Records from a dataset:
────────────────────

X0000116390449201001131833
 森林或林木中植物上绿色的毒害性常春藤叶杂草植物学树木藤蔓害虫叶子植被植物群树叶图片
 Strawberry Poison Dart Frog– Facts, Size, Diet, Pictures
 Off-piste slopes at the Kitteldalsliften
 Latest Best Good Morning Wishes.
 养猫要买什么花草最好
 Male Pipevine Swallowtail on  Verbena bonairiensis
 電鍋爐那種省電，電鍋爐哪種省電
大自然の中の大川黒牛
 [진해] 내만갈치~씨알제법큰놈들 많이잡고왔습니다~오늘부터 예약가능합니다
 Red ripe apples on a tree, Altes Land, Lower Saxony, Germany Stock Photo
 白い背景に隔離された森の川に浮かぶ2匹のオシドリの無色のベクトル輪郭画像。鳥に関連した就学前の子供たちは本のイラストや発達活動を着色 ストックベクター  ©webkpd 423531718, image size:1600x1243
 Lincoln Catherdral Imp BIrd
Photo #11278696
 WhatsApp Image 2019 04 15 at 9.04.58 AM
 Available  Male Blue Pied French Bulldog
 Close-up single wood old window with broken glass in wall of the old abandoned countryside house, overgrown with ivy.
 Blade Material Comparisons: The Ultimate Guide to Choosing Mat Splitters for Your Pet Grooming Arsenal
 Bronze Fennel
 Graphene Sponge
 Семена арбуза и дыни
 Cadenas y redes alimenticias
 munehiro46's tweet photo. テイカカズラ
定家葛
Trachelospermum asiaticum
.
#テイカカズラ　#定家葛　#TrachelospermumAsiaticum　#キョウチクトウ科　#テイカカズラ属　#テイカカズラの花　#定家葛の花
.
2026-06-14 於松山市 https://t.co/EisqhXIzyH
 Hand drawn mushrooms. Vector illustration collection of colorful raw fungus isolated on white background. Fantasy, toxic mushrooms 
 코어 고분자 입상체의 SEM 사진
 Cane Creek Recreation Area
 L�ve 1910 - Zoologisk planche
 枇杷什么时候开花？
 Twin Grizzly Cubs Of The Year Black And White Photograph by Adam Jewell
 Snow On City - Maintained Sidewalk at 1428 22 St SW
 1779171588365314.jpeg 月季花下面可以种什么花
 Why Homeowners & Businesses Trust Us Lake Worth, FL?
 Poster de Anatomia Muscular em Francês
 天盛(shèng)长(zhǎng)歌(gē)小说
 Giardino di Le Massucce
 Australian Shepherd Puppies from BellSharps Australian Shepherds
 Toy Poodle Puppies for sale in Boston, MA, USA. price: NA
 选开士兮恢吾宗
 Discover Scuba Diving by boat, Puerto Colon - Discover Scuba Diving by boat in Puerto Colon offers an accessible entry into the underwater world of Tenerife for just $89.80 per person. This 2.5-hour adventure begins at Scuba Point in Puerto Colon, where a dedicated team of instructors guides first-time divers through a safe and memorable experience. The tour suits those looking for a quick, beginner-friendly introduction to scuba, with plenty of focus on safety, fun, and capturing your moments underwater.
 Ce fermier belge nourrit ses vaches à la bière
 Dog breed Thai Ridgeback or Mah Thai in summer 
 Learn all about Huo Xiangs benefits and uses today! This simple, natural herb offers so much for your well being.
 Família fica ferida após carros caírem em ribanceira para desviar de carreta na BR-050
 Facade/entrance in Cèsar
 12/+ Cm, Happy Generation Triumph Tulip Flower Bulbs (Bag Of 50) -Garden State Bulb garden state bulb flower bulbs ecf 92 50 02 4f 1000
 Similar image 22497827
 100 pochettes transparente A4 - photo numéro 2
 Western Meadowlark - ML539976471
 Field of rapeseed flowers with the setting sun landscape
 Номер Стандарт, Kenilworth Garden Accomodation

────────────────────

Please give back the entries above, unchanged and complete.

X0000116390449201001131833
 森林或林木中植物上绿色的毒害性常春藤叶杂草植物学树木藤蔓害虫叶子植被植物群树叶图片
 Strawberry Poison Dart Frog– Facts, Size, Diet, Pictures
 Off-piste slopes at the Kitteldalsliften
 Latest Best Good Morning Wishes.
 养猫要买什么花草最好
 Male Pipevine Swallowtail on  Verbena bonairiensis
 電鍋爐那種省電，電鍋爐哪種省電
大自然の中の大川黒牛
 [진해] 내만갈치~씨알제법큰놈들 많이잡고왔습니다~오늘부터 예약가능합니다
 Red ripe apples on a tree, Altes Land, Lower Saxony, Germany Stock Photo
 白い背景に隔離された森の川に浮かぶ2匹のオシドリの無色のベクトル輪郭画像。鳥に関連した就学前の子供たちは本のイラストや発達活動を着色 ストックベクター  ©webkpd 423531718, image size:1600x1243
 Lincoln Catherdral Imp BIrd
Photo #11278696
 WhatsApp Image 2019 04 15 at 9.04.58 AM
 Available  Male Blue Pied French Bulldog
 Close-up single wood old window with broken glass in wall of the old abandoned countryside house, overgrown with ivy.
 Blade Material Comparisons: The Ultimate Guide to Choosing Mat Splitters for Your Pet Grooming Arsenal
 Bronze Fennel
 Graphene Sponge
 Семена арбуза и дыни
 Cadenas y redes alimenticias
 munehiro46's tweet photo. テイカカズラ
定家葛
Trachelospermum asiaticum
.
#テイカカズラ　#定家葛　#TrachelospermumAsiaticum　#キョウチクトウ科　#テイカカズラ属　#テイカカズラの花　#定家葛の花
.
2026-06-14 於松山市 https://t.co/EisqhXIzyH
 Hand drawn mushrooms. Vector illustration collection of colorful raw fungus isolated on white background. Fantasy, toxic mushrooms 
 코어 고분자 입상체의 SEM 사진
 Cane Creek Recreation Area
 L�ve 1910 - Zoologisk planche
 枇杷什么时候开花？
 Twin Grizzly Cubs Of The Year Black And White Photograph by Adam Jewell
 Snow On City - Maintained Sidewalk at 1428 22 St SW
 1779171588365314.jpeg 月季花下面可以种什么花
 Why Homeowners & Businesses Trust Us Lake Worth, FL?
 Poster de Anatomia Muscular em Francês
 天盛(shèng)长(zhǎng)歌(gē)小说
 Giardino di Le Massucce
 Australian Shepherd Puppies from BellSharps Australian Shepherds
 Toy Poodle Puppies for sale in Boston, MA, USA. price: NA
 选开士兮恢吾宗
 Discover Scuba Diving by boat, Puerto Colon - Discover Scuba Diving by boat in Puerto Colon offers an accessible entry into the underwater world of Tenerife for just $89.80 per person. This 2.5-hour adventure begins at Scuba Point in Puerto Colon, where a dedicated team of instructors guides first-time divers through a safe and memorable experience. The tour suits those looking for a quick, beginner-friendly introduction to scuba, with plenty of focus on safety, fun, and capturing your moments underwater.
 Ce fermier belge nourrit ses vaches à la bière
 Dog breed Thai Ridgeback or Mah Thai in summer 
 Learn all about Huo Xiangs benefits and uses today! This simple, natural herb offers so much for your well being.
 Família fica ferida após carros caírem em ribanceira para desviar de carreta na BR-050
 Facade/entrance in Cèsar
 12/+ Cm, Happy Generation Triumph Tulip Flower Bulbs (Bag Of 50) -Garden State Bulb garden state bulb flower bulbs ecf 92 50 02 4f 1000
 Similar image 22497827
 100 pochettes transparente A4 - photo numéro 2
 Western Meadowlark - ML539976471
 Field of rapeseed flowers with the setting sun landscape
 Номер Стандарт, Kenilworth Garden Accomodation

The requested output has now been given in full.